Question

When a body starts from rest and moves with uniform acceleration, then its instantaneous displacement \( s \) is related to time \( t \) as

• A. \( s \propto t^{-1} \)
• B. \( s \propto t^{1/2} \)
• C. \( s \propto t \)
• D. \( s \propto t^2 \)
• E. \( s \propto t^{-2} \)

Hint:

For motion starting from rest under constant acceleration, always remember \( s=\frac{1}{2}at^2 \), so displacement varies as the square of time.

Answer 1

The Correct Option is D

Step 1: Recall the equation of motion.
For a body moving with uniform acceleration: \[ s = ut + \frac{1}{2}at^2 \]

Step 2: Use the condition “starts from rest”.
If the body starts from rest: \[ u = 0 \] So the equation reduces to: \[ s = \frac{1}{2}at^2 \]

Step 3: Identify the relation between \( s \) and \( t \).
From the equation: \[ s \propto t^2 \]

Step 4: Interpret physically.
With constant acceleration, displacement increases quadratically with time.

Step 5: Check dimensions.
Since \[ [a]=LT^{-2} \] we get \[ s \sim at^2 \sim L \] which is consistent.
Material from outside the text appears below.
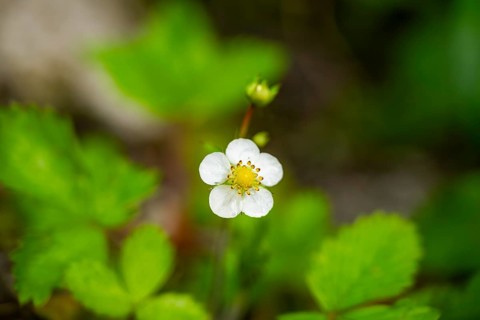 Wild strawberry (Fragaria vescaa) plants blooming, blossom, detail, Bavaria, Germany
Step 6: Verify with an example.
If \( t \) doubles: \[ s \propto t^2 \Rightarrow s \text{ becomes } 4 \text{ times} \] which matches uniformly accelerated motion.

Step 7: Final conclusion.
Hence, \[ \boxed{s \propto t^2} \] Therefore, the correct option is \[ \boxed{(4)\ s \propto t^2} \]